相手は同志社大の二軍。右ウィングで出場した。柔道で体を鍛えていたし、足も速かった。SOがキックしたボールを追いかけて相手陣で受けて走り、トライしたのを覚えている。試合後、先生には「タックルがよかった」と褒められた。ラグビーを知らないから、自分のマークではない相手センターにもタックルに行ったからだろう。

 現役時代に合計して700トライはしたのではないか。


▼坂田好弘さん「ラグビーを始めたきっかけ〜ボールを持ったら走れ」動画はこちら



――同志社大に進んだ


「ラグビーしてたらどこでも大学に行ける」と先輩に言われ、その気になった。兄や姉も行っていた同志社大に進んだ。さすがに直前は日本史の勉強を集中してやった。

京都大とは3回ぐらい対戦したが、他の大学とは違う緊張感があった。星名秦先生が指導されていたから、いつも「何かやってくるのでは」と思っていた。京大戦に勝てば、残りの試合はスムーズに戦えると意識していた。

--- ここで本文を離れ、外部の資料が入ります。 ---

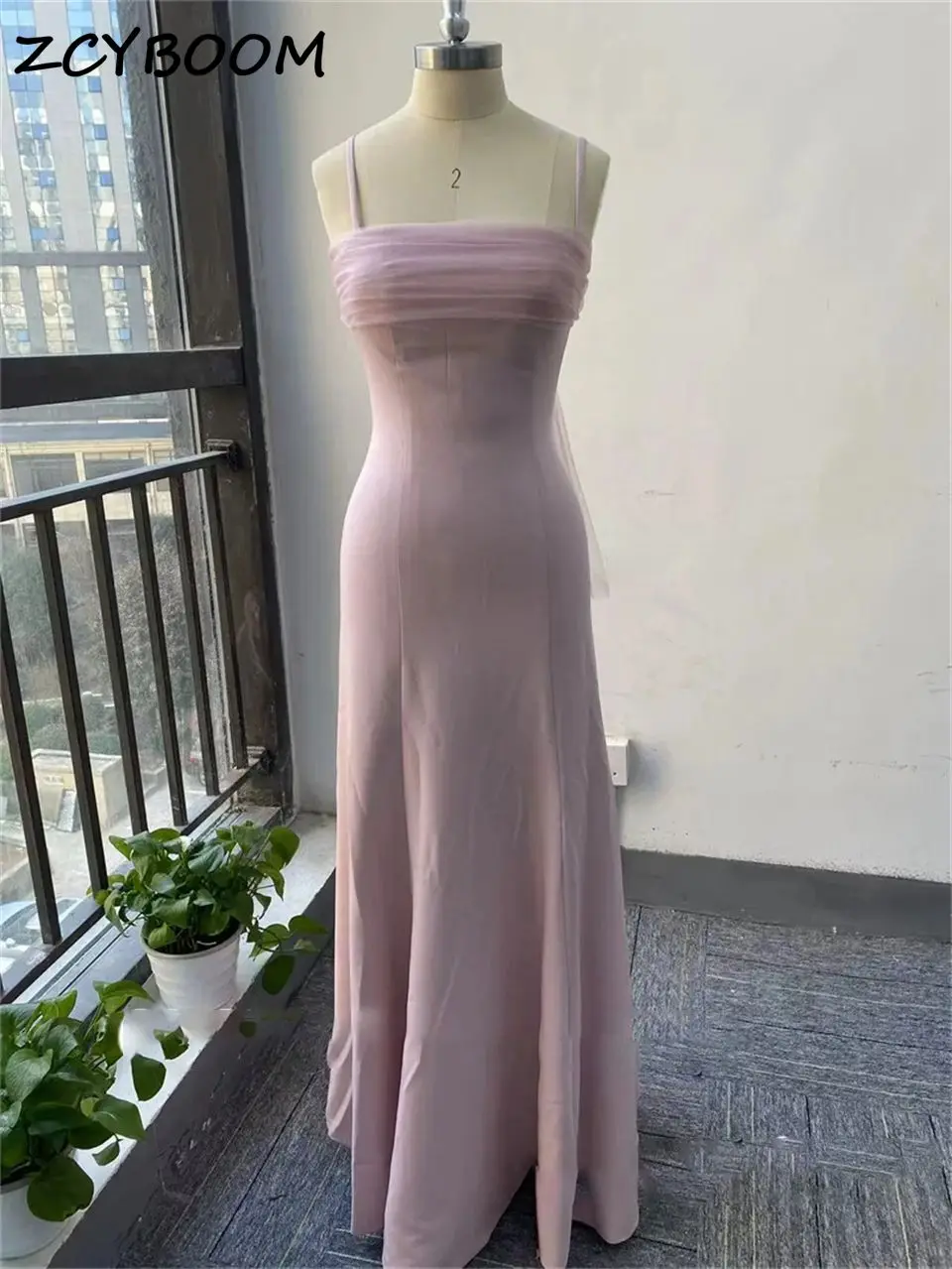 

Simple Boat Neck Spaghetti Strap Ribbons Sleeveless A-line Evening Dress 2024 Sweep Train Floor Length Prom Dress Party Gowns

高校時代に農学部グラウンドで練習したし、練習試合をしたこともある。母校の洛北高校と同じ濃紺のジャージーだったので親しみも持っていた。伝統を感じたし、ライオンのマークもかっこいいと思っていた。



――社会人では近鉄でプレーした


 10年間プレーしたが、仕事が優先だった。入社して1年半は研修で、各部門を回った。その後の実習で車掌、駅務、運転士もやった。あやめ池駅に配属され、終電後と始発前の掃除も担当した。仕事が終わってから練習した。

当時は近鉄と八幡製鉄が強く、練習は厳しかった。もっと効率的にやれたのかもしれないが、理屈抜きに鍛えた。当時の社会人選手権は1日おきに試合があり、決勝にもなると体に技術を覚えこませて勝手に動くように準備しないといけない。

花園ラグビー場での夏合宿は、地下のサウナのような部屋で寝泊まりした。冬の全国大会の前にも合宿した。真冬に朝5時起きで練習するが、日の出直後が一番寒い。でもグラウンドが凍る感じが好きだった。

10年間で4回、優勝した。最初の5年間で3回勝ったが、その後なかなか勝てない。同期はどんどん辞めていく。9年目に決勝で1点差でリコーに負けた。それが悔しくて、もう1年やることに決めた。「これが最後」となると、一日ごとの練習、瞬間を大事にするようになり、充実していた。生駒山までのランニングも、それまでは後ろの集団を走っていたのに、最後の年は先頭を走っていた。

最後の年、準決勝の釜石戦は同点で抽選勝ちして決勝に進み、リコーに雪辱を果たした。日本選手権は早稲田大が相手。残り20分は、「ボールを触って終わりたい」とずっと考えていた。相手パスをインターセプトして左隅にトライして試合終了。現役生活が終わった。



▼坂田好弘さんのプロフィール

1942年生まれ。洛北高校では3年連続で全国大会に出場。同志社大1、3回生で全国制覇。1965年に近鉄入社。同大在学中に日本代表に選出され、16キャップ。68年の日本代表NZ遠征でオールブラックス・ジュニアを破った試合で4トライ。69年のNZ留学ではカンタベリー州代表、学生選抜などに選ばれる。大阪体育大学ラグビー部監督を辞任後、関西ラグビー協会会長、日本ラグビー協会副会長を務めた。国際ラグビーボードは2012年、1960年代の世界で最も優れた選手の1人として、日本人として初めてラグビー殿堂入りを決めた。